-- Opening Marker --
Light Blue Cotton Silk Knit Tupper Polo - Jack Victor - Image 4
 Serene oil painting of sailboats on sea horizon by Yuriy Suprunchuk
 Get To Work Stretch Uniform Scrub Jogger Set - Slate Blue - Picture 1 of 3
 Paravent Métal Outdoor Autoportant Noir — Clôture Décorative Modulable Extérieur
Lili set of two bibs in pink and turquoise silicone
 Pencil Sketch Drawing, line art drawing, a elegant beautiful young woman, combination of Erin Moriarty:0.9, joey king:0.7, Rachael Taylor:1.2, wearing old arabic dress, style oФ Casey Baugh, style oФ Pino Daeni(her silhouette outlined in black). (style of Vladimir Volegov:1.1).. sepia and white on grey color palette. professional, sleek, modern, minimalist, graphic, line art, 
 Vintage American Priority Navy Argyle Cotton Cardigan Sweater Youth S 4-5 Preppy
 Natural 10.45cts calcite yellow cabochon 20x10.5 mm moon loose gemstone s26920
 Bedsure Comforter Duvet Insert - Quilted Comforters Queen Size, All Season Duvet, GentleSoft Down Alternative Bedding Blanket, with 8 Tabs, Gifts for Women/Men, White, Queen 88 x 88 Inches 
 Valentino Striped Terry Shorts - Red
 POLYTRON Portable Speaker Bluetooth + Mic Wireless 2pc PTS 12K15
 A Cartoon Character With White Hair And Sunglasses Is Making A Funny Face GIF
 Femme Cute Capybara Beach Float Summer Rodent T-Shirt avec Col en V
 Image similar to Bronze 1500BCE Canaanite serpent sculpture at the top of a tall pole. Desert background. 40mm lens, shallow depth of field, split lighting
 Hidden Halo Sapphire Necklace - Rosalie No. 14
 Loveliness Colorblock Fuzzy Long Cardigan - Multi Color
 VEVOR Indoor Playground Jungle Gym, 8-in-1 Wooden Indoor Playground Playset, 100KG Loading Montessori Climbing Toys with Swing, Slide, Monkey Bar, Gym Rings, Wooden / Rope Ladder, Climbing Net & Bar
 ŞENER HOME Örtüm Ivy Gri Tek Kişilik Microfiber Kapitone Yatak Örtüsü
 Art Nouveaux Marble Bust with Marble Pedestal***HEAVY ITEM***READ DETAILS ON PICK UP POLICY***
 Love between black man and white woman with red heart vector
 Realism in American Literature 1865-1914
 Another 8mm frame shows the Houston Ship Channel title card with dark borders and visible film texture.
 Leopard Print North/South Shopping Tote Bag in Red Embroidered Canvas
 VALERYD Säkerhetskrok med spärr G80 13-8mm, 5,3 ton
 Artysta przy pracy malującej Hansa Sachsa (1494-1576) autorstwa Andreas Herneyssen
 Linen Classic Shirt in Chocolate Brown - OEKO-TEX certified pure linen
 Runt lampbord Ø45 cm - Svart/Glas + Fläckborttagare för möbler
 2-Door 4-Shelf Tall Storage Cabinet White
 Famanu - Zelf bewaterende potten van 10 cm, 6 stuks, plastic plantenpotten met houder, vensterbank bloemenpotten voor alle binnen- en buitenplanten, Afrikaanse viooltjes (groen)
-- Closing Marker --
:: How to complete this task ::
From the first line to the last, retype the material exactly.

:: Reply to the exercise ::
Light Blue Cotton Silk Knit Tupper Polo - Jack Victor - Image 4
 Serene oil painting of sailboats on sea horizon by Yuriy Suprunchuk
 Get To Work Stretch Uniform Scrub Jogger Set - Slate Blue - Picture 1 of 3
 Paravent Métal Outdoor Autoportant Noir — Clôture Décorative Modulable Extérieur
Lili set of two bibs in pink and turquoise silicone
 Pencil Sketch Drawing, line art drawing, a elegant beautiful young woman, combination of Erin Moriarty:0.9, joey king:0.7, Rachael Taylor:1.2, wearing old arabic dress, style oФ Casey Baugh, style oФ Pino Daeni(her silhouette outlined in black). (style of Vladimir Volegov:1.1).. sepia and white on grey color palette. professional, sleek, modern, minimalist, graphic, line art, 
 Vintage American Priority Navy Argyle Cotton Cardigan Sweater Youth S 4-5 Preppy
 Natural 10.45cts calcite yellow cabochon 20x10.5 mm moon loose gemstone s26920
 Bedsure Comforter Duvet Insert - Quilted Comforters Queen Size, All Season Duvet, GentleSoft Down Alternative Bedding Blanket, with 8 Tabs, Gifts for Women/Men, White, Queen 88 x 88 Inches 
 Valentino Striped Terry Shorts - Red
 POLYTRON Portable Speaker Bluetooth + Mic Wireless 2pc PTS 12K15
 A Cartoon Character With White Hair And Sunglasses Is Making A Funny Face GIF
 Femme Cute Capybara Beach Float Summer Rodent T-Shirt avec Col en V
 Image similar to Bronze 1500BCE Canaanite serpent sculpture at the top of a tall pole. Desert background. 40mm lens, shallow depth of field, split lighting
 Hidden Halo Sapphire Necklace - Rosalie No. 14
 Loveliness Colorblock Fuzzy Long Cardigan - Multi Color
 VEVOR Indoor Playground Jungle Gym, 8-in-1 Wooden Indoor Playground Playset, 100KG Loading Montessori Climbing Toys with Swing, Slide, Monkey Bar, Gym Rings, Wooden / Rope Ladder, Climbing Net & Bar
 ŞENER HOME Örtüm Ivy Gri Tek Kişilik Microfiber Kapitone Yatak Örtüsü
 Art Nouveaux Marble Bust with Marble Pedestal***HEAVY ITEM***READ DETAILS ON PICK UP POLICY***
 Love between black man and white woman with red heart vector
 Realism in American Literature 1865-1914
 Another 8mm frame shows the Houston Ship Channel title card with dark borders and visible film texture.
 Leopard Print North/South Shopping Tote Bag in Red Embroidered Canvas
 VALERYD Säkerhetskrok med spärr G80 13-8mm, 5,3 ton
 Artysta przy pracy malującej Hansa Sachsa (1494-1576) autorstwa Andreas Herneyssen
 Linen Classic Shirt in Chocolate Brown - OEKO-TEX certified pure linen
 Runt lampbord Ø45 cm - Svart/Glas + Fläckborttagare för möbler
 2-Door 4-Shelf Tall Storage Cabinet White
 Famanu - Zelf bewaterende potten van 10 cm, 6 stuks, plastic plantenpotten met houder, vensterbank bloemenpotten voor alle binnen- en buitenplanten, Afrikaanse viooltjes (groen)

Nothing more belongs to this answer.